RECORDS FOR PROCESSING:
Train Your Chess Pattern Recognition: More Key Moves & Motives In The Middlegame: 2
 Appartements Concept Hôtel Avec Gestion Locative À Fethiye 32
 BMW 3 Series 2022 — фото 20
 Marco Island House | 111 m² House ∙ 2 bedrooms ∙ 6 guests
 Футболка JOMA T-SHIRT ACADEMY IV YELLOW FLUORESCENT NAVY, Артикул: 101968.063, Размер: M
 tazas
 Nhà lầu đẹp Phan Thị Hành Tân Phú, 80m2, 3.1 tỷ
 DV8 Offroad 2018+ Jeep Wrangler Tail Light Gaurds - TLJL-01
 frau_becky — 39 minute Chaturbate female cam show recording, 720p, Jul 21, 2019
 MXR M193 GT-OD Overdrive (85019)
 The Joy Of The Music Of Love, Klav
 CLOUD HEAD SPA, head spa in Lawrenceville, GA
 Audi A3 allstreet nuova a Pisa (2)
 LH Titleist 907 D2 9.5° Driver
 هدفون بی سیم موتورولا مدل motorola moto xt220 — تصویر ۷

ACTIVITY:
All lines from the one that contains "CLOUD HEAD SPA, head" through the end of the material are to be quoted exactly, with both ends included.

WRITTEN ANSWER:
 CLOUD HEAD SPA, head spa in Lawrenceville, GA
 Audi A3 allstreet nuova a Pisa (2)
 LH Titleist 907 D2 9.5° Driver
 هدفون بی سیم موتورولا مدل motorola moto xt220 — تصویر ۷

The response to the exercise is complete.